Three Methods for Outlining Your Book
The secret to self-publishing success on Amazon boils down to three steps:
- Write
- Sell
- Repeat
Each of those steps has a lot of other stuff going on (and you’ve read hundreds of articles here about the details of that stuff), but that’s the basic gist. Another important point is that, the faster you can repeat the cycle, the more money you will make. As long as the quality is good, each new book in your catalog is a new income stream for your writing career.
Outlining is one of the best tools to keep your writing on track, your completion schedule faster, and your catalog adding new books on a regular basis. It helps you to write just what’s necessary to tell your story, and it helps you set benchmarks so you stick to your writing schedule. If you use ghostwriters, an outline is vital to keep the project heading in the direction you want.
Bottom line: you should try outlining your book. The only question is how. Below you’ll find the three of the best methods for this task.

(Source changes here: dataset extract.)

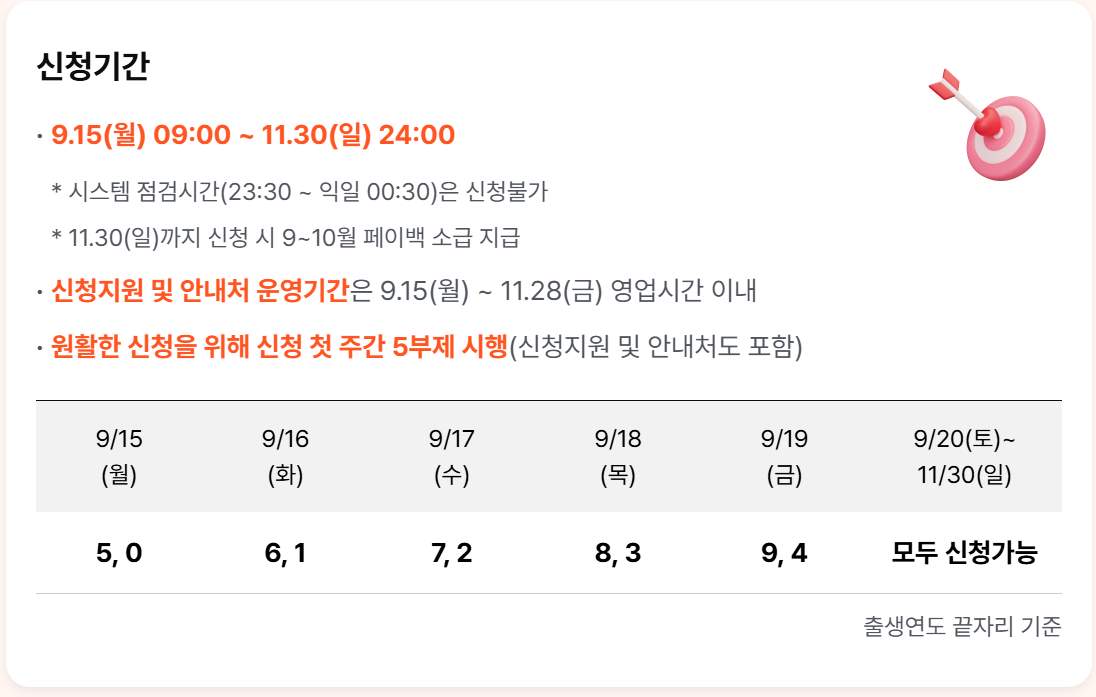 상생페이백 신청 방법 총정리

- The Roman Numeral Outline. You learned this in middle school.
- The Mind Map, for the more visual and creative of us.
- Story Engineering, which adds pace to your structure
One of these, or a variation you devise from the basics you learn today, will work for you.
Outlining vs. Pantsing
In professional writing circles, an outliner is somebody who uses outlines to structure their book, and who knows how he plans to get from point A to point B. A pantser (otherwise known as a discovery writer) flies by the seat of their pants, following the story as it progresses with little idea about what’s going to come next.
You can get into all kinds of arguments about which way is better when you’re talking about the art and craft of writing. It really depends on your own personality and skills.
For our purposes, though, it is well worth outlining to see how well it can work for you as it can help you more efficiently find your story and get it down on the page. Pantsers sometimes feel happier about their writing process, but unless they've internalized solid story structure it can lead to consistently writing fewer books.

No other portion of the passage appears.